Testing critical assumptions early and often. Caitlin’s teams do five customer interviews ever fortnight where the UX & product teams combine to learn about their customers and test possible solutions. Insights are then shared across standups.

Value: do customers want it. Usability: How easy is it to use. Feasibility: How costly or time consuming is it to deliver. Viability: Are there business contracts that block the solution. Ethical: Is it the right thing to do

Opportunity solution tree map

Starts with the behaviour change outcome and metric that is your desired outcome. Then branch off to possible opportunities which are linked to customers needs and show possible solutions that may help them reach the behavioural gaol.

How can we be right more

  1. Agree an shared Outcome (OKR)
  2. Speak to customers
  3. Score/size their need
  4. Ideate and validate possible solutions
OKR cascaded to solutions

Agree an desired Outcome (OKR)

  • Behaviour based objectives
  • Set a Key results which experiments can be measured against to know if they are successful or not
  • Key idea or initiative are possible solutions can contain multiple experiments to test
An example of what crossing the example would be

Speak to customers

Because we are making product decisions daily, the only way to know if our decisions are having the desired outcome is to run regular customer interviews. Interview customers to understand customers and map their needs. Understand what their desired outcome is and what are their needs in completing that goal. Which will identify possible solutions. Test ideas and possible solutions with them to see if their needs are been met and if the solution helps them achieve their outcome.

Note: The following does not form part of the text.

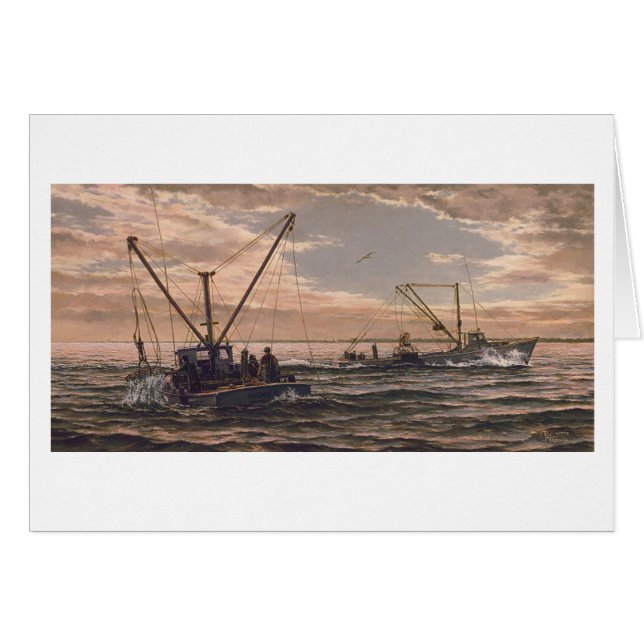 Paul McGehee "Harvesting the Chesapeake" Card (Vorderseite (Horizontal))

Once needs have been identified, Score/size them

  • Impact: is it Above the fold, Noticeable with in five seconds, Adding or removing an element, Designed to increase users motivation, Running on high-visited page.
  • Supporting data: How much Quantitive, Qualitative, Feedback, Analytics, Heatmap and scroll map data is there
  • Level of effort: How costly or time consuming is it
  • Does the opportunity align to the business strategy: PG / lead ref / three voices; Increasing new & existing student enrolments; Improving site experience
identifying assumptions

Ideate and validate possible solutions and assumptions

  • Spend five minutes a day to brainstorm. Frequently spending a short time is less cognitively draining than an hour brainstorm!
  • Do what you can to learn quickly in order to move forward. Talking with two customers is better than no customers. You can still learn something from those two (sample size is important but you can learn and be smart about what you’re hearing from small numbers)

Map your assumptions! Run tests on how you validate/disprove each of them.